Der Anfang der Druckerei

Seit vielen Jahrhunderten schon gibt es Erfindungen im Druckbereich. Ungefähr im vierten Jahrtausend v.Chr. entstand der Blindprägedruck mit Rollsiegeln.

Der Ägypter prägte damit Krüge, Urkunden und Gräber.

Blind-Prägung heißt, dass damals bloß geprägt wurde, und das ganz exklusive Färbemittel. Viele Jahre später wurde der Holztafel-Druck während der Sui-Dynastie entwickelt. Das geschah ca. 770 n. Chr. und man konnte damit schon die 1. Blockbücher, die aus Holz bestanden, drucken.

Eine andere bedeutende Entwicklung in der Geschichte des Drucks ist die Mitte des 15. Jahrhunderts

Johannes Gutenberg, ein Goldschmied aus Mainz, erfand den Buchdruck mit beweglichen Schriftzeichen aus Blei.
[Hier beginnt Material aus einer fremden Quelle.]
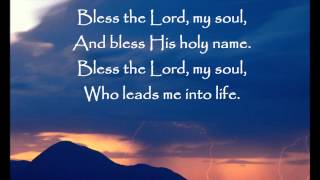 Lied Bless the Lord my soul with lyrics [upl. by Hada]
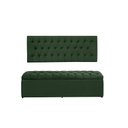 Ver imagem 1 de Kit Cabeceira e Calçadeira Imperatriz 138 Cm Suede Verde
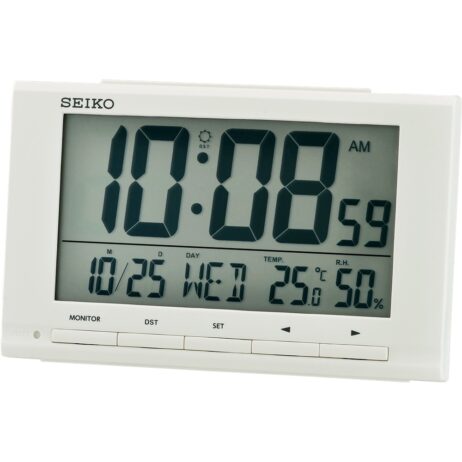 Réveil Seiko Rectangle Digital Blanc QHL090W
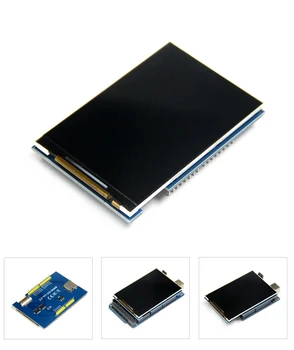 

2pcs/lot 3.5'' 3.5 inch TFT LCD 320X480 Ultra HD ILI9486 16bit parallel No touch + MEGA 2560 MEGA2560 board with usb cable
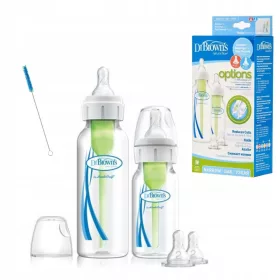   DR. BROWN'S SUSTAV ZA POČETNIKE BUTELJA 120ML + 250ML + ČAROBNA RAZINA 1 I 2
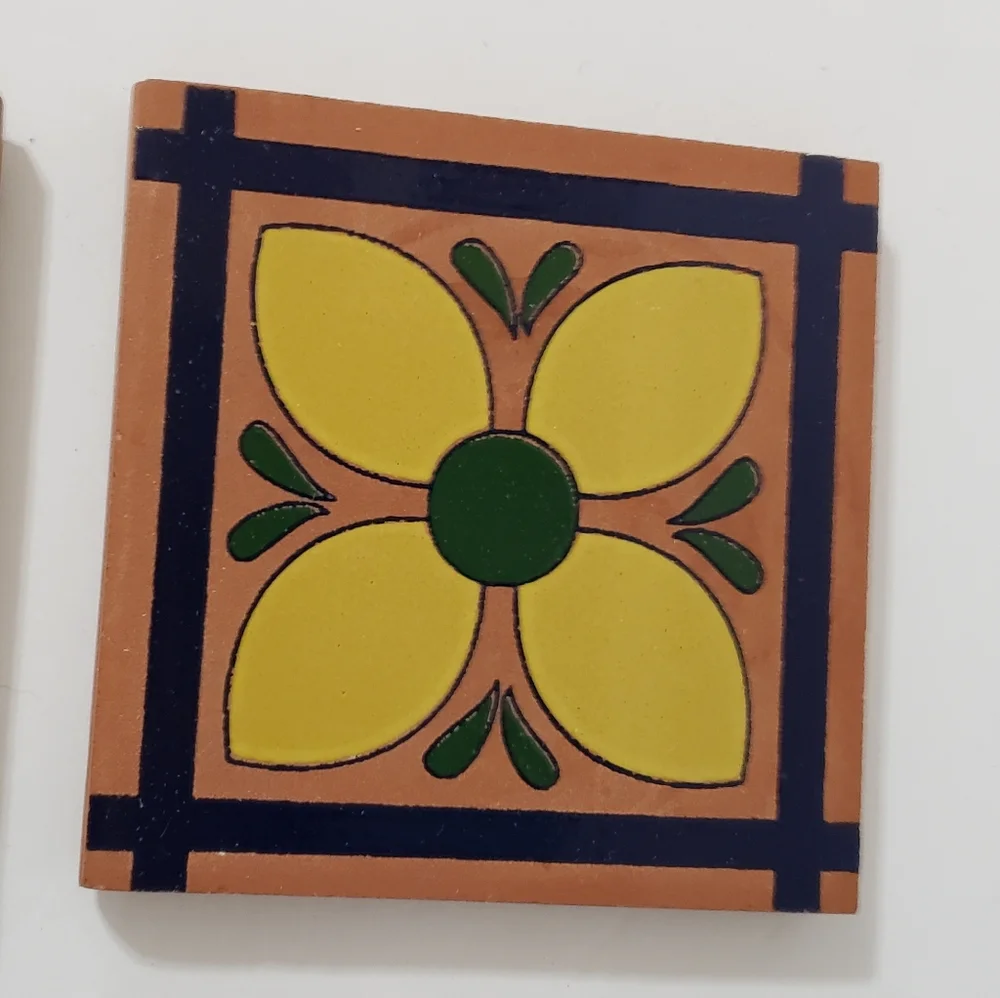 Hand Crafted blue yellow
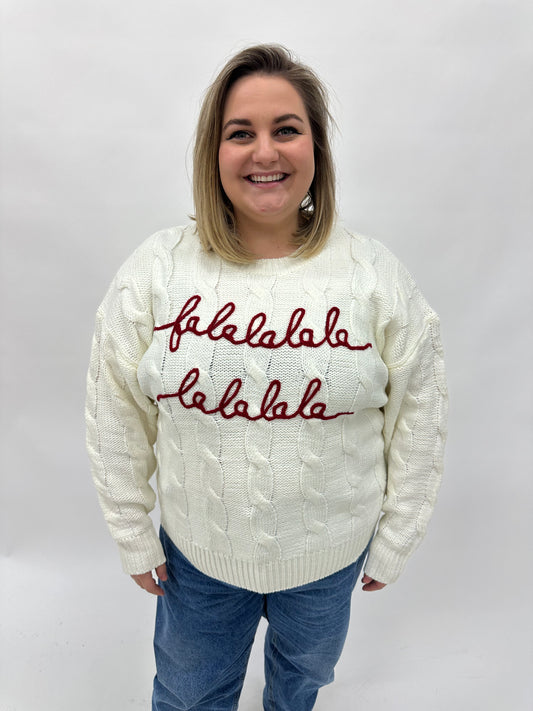 Curvy Falalalala Sweater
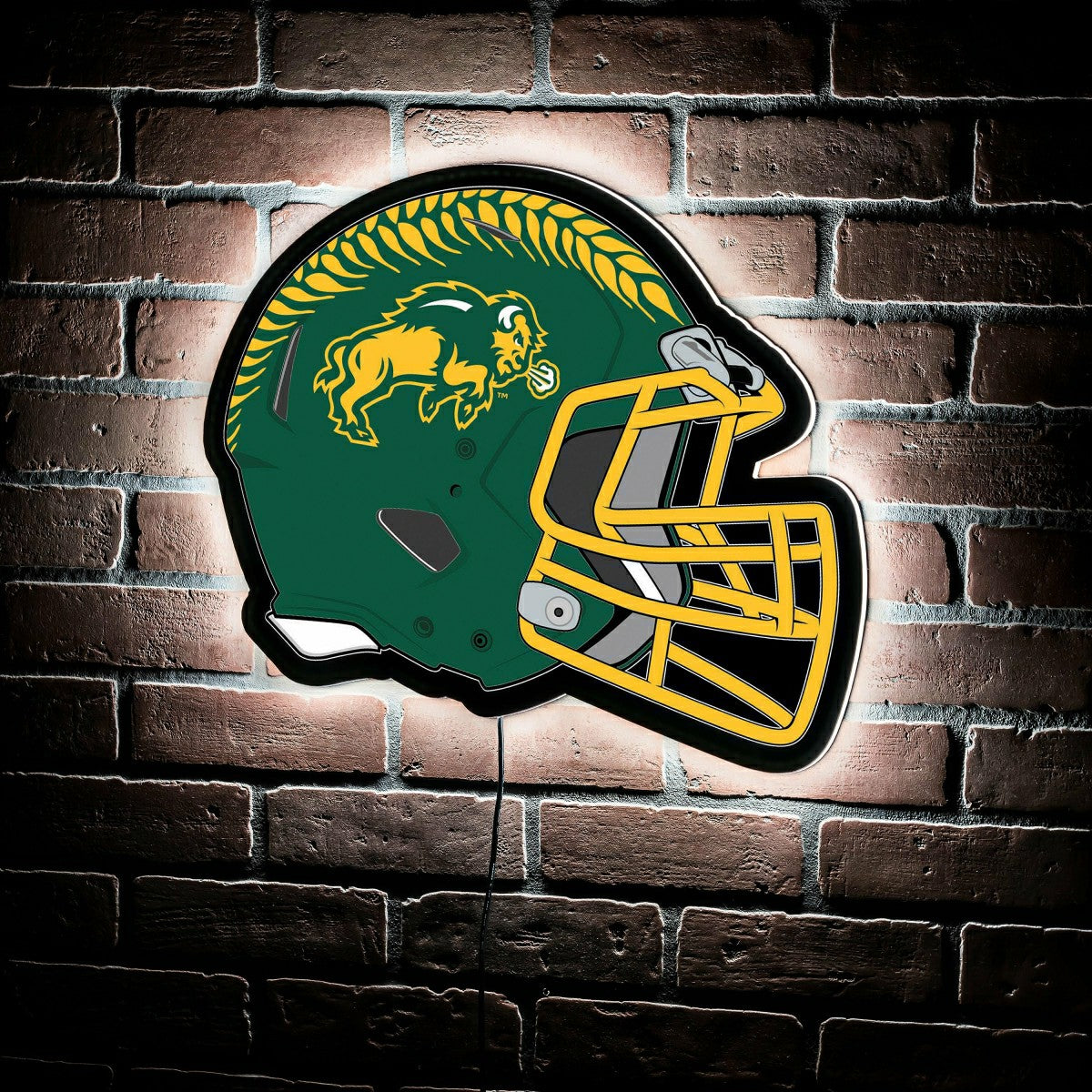 LED Wall Decor, Helmet, North Dakota State University - Collegiate Home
Dieses Verfahren war absolut von Maschinen betrieben und es war machbar mit der Presse die gedruckten Seiten zur endlosen Vervielfältigung zu machen.

Absolut revolutionär zu dieser Zeit entfalteten sich die Maschinen allzeit mehr. Anfang des 20. Jahrhunderts wurde allmählich der Offset-Druck entwickelt, der auch heute noch seinen Einsatz in den Druckereien findet.

Indes handelt es sich um ein indirektes Verfahren im Flachdruck, das nicht nur im Buch-Druck sondern auch im Verpackungs- und Akzidenzdruck (hierbei werden Prospekte, Flyer, Broschüren, Geschäftskarten etc. bedruckt) groß üblich ist.

Durch die unterschiedliche Struktur der Oberfläche der Druck-Platte und dem Umstand, dass nicht direkt von der Druckerplatte auf Papier gedruckt wird, sondern die Farbe als allererstes über eine Trommel transferiert wird, können gequetschte Ränder und gezackte Ränder vermieden werden. Auch die Abseite kommt exklusive Prägungen oder Schattierungen heraus.

Zu Beginn der neunziger Jahre kam der Digital-Druck auf den Markt

Bei dem sogenannten Digidruck wird das zu druckende Bild von einem Computer in eine Druck-Maschine, wie z.B. einen Tintenstrahl- oder Laserdrucker transferiert. Dazu braucht man keine feste Druck-Form wie beim Offsetdruck. Jeder Bogen kann anders bedruckt werden. Dies erlaubt auch individuelle Drucke wie zum Beispiel Rechnungen oder Kreditkarten-Abrechnungen.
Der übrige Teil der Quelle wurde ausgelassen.